The converging influences of Ben Webster and Charlie Parker
formed Scott's distinctive style, one quite different from Buddy DeFranco's.
Scott sounds like no other clarinetist in history: he combines the huge tonal
and phrasing gestures of Webster with the agile movements of Parker to create a
hyperactive, huge but controlled surge of sound in his solos.
In the early 1950's, Scott's career was in the doldrums. He
said, "I decided I would never make it as a jazz clarinet player. Everybody was
passing me by. No critics dug me; I was getting no publicity. Benny had had it
for so long, and then Buddy seemed to have it sewed up." Later, however, he
became quite popular, winning the Down Beat critics poll in 1958 and
1959, and he also became highly-regarded as a baritone saxophonist.

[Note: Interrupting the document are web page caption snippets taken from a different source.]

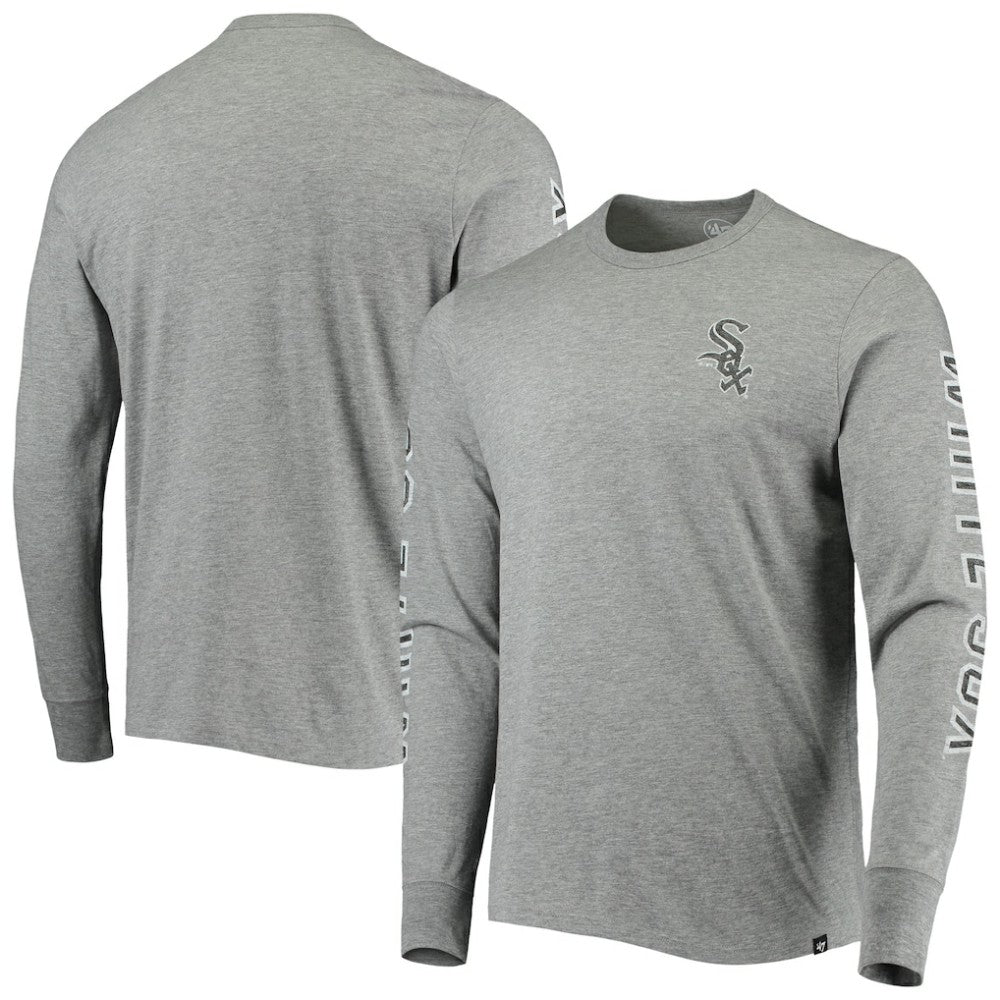 Chicago White Sox Team Long Sleeve T-Shirt Heathered Gray | 47 brand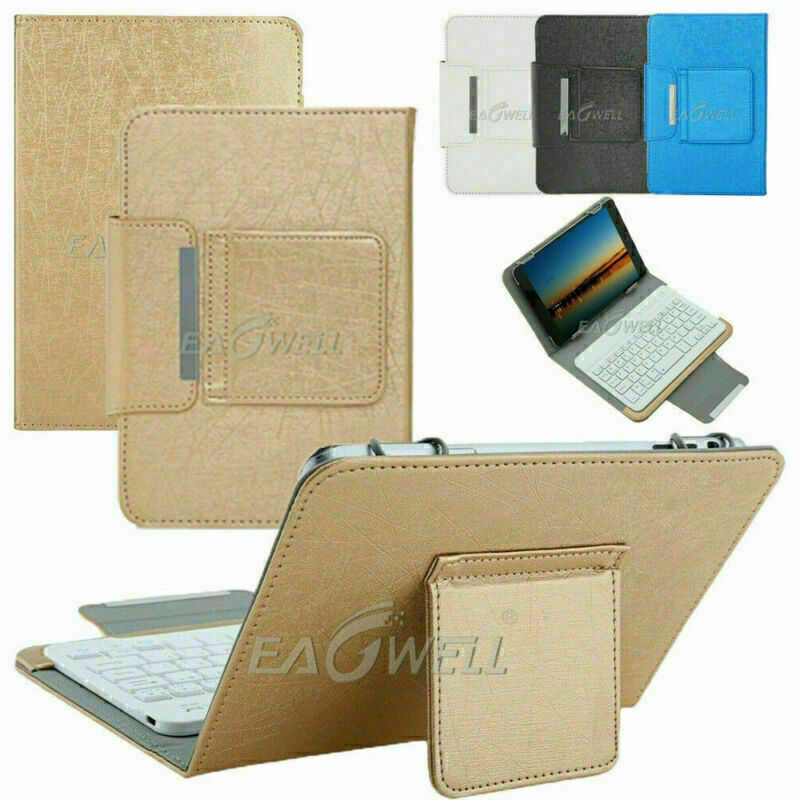 For iPad mini 5th Generation 2019 Leather Stand Case Cover W/ Wireless Keyboard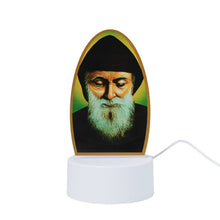 Saint Charbel Makhlouf 3D LED night light on white background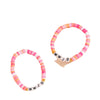 Soft Pottery Bracelet Geometric Pattern Handmade Unisex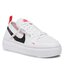 Nike Sportcipő Nike Court Vision Alta CW6536-103 White/Sea Coral-Black Blanc/Noir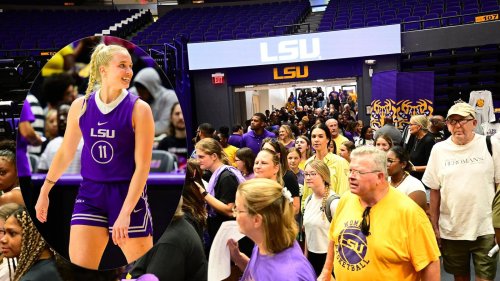 Hailey Van Lith is turning heads during her first practice at LSU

He recorded
with Milt Hinton, Clark Terry,
Sahib Shihab, Henry
Grimes, and Paul Motian, and he fronted a quartet with Bill Evans (just after he left Miles Davis), Jimmy
Garrison (pre-Coltrane), and
Pete LaRoca. It is also particularly notable that Scott was responsible for
bringing together for the first time the trio of Evans, Motian and Scott LaFaro, the results of
which can be heard on the Sung Heroes album (Sunnyside).
Scott was well-known as a die-hard jammer, always ready to go
on the stand and blow with anyone at any time. This was because of his basic
philosophy. He has said, "I still prefer the jam session feeling to
arrangements, and I still feel the future of jazz is with the expanding
improvising soloist." When the open jazz scene he had known on 52nd
Street evaporated in the mid to late 1950's, he left the United States and began
to wander the globe, eventually settling in Rome in 1968.
While touring in the far east he made Music for Zen
Meditation, becoming the first American jazz musician to record there. (Its
sequel, Music for Yoga Meditation And Other Joys, features Collin Walcott
on sitar). Scott's work since then has often focused on such blends of eastern
and western sounds, but he has also produced such idiosyncratic projects as a
set of various versions of Billy Strayhorn's Lush Life. He still
frequents the European jazz festivals, but has remained firmly rooted there and
has not visited the U.S. in some years.